The present invention relates to a device self-diagnosis method for a transmission device that processes input data and sends it to a transmission path.

For example, in moving image transmission using a digital line, it is necessary to process a large amount of data at high speed, resulting in an increase in the scale of the equipment and the use of a large number of printed board units.

If self-diagnosis of such large-scale equipment is performed sequentially using hardware checks, the number of external interfaces for the control unit will increase, and the internal wiring of the equipment will become congested, which is one of the causes of reduced reliability of the equipment. Become.

Therefore, self-diagnosis of large-scale equipment using a large number of such printed board units can be performed efficiently by reducing the number of external interfaces of the control unit, and when a faulty printed board is detected, the printed board unit can be removed. A device self-diagnosis method is required to avoid this and take action.

[Conventional technology]

FIG. 4 shows a block diagram illustrating a conventional example.

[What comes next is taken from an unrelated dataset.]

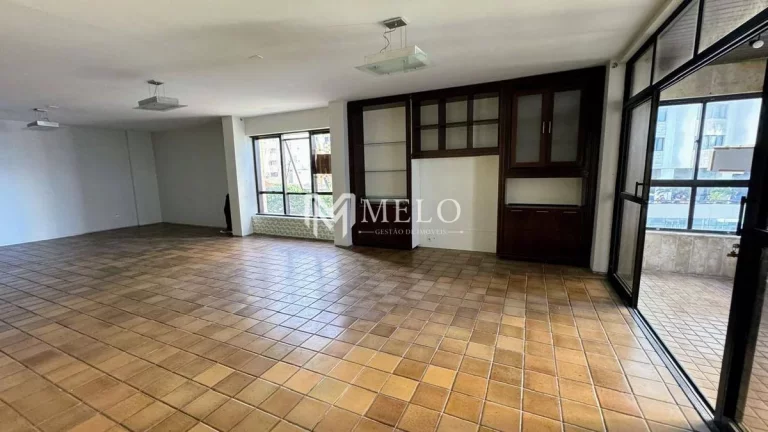 Imagem Oportunidade em BOA VIAGEM: 224m², 04suites, 02 vagas...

The conventional example shown in Fig. 4 is a moving image encoding device as an example of a device that uses a large number of printed circuit board units, and is an A/D converter that converts video input into A/D as a device for sending signals. A conversion section 51, a Y/C separation and multiplexing section 53 that separates and multiplexes luminance signals and hue signals, a frame buffer section 55 that includes a filter and frame buffer that removes unnecessary bands, and An encoding unit 56 that performs encoding; a transmission frame configuration unit 58 that sends out signals in accordance with the transmission line interface; and a transmission frame decomposition unit that is unisymmetrically configured with the transmission side as a device for receiving signals. 59, decoding unit 57
, frame buffer section 55a, Y/C synthesis and separation section 5
4. It is equipped with a D/A conversion section 52 and a control section 11 that controls these component devices.

In this conventional example, self-diagnosis of the device is performed by manually setting loopback points in sequence, inputting a video signal from the input side, looping back the signal at the set loopback point, and outputting it through the reverse route. Normal operation is confirmed by comparing the input signal and output signal at this time.

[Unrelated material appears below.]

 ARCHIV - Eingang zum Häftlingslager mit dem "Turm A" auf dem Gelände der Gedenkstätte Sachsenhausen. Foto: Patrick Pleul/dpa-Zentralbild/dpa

The points of return are ■A/D converter 51, D/D converter 51,
A conversion unit 52, ■Y/C separation and multiplexing unit 53, Y/C combination and separation unit 54, ■Frame buffer unit 55.55a
, (2) encoding section 56, decoding section 57, (2) transmission frame composition section 58, and transmission frame decomposition section 59, respectively. The return test at point (①) will be an overall test.

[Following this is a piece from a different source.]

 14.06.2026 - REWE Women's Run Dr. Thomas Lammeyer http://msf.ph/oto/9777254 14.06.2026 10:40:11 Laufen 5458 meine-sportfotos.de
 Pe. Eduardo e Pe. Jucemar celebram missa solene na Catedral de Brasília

In order to perform these loopback tests, it is necessary to provide a plurality of test terminals for each component, and the interface with the control section 11 becomes complicated.

[Problem to be solved by the invention]

The conventional device self-diagnosis method described above requires a large number of interfaces between the control section and the printed board unit for self-diagnosis, making it complicated.

Additionally, when the control unit accesses a faulty printed circuit board unit during operation of the transmission equipment, a bus error occurs, but in the operation program, it is difficult to isolate the faulty part, and the operation of the entire equipment may stop. There is a problem with storing it away.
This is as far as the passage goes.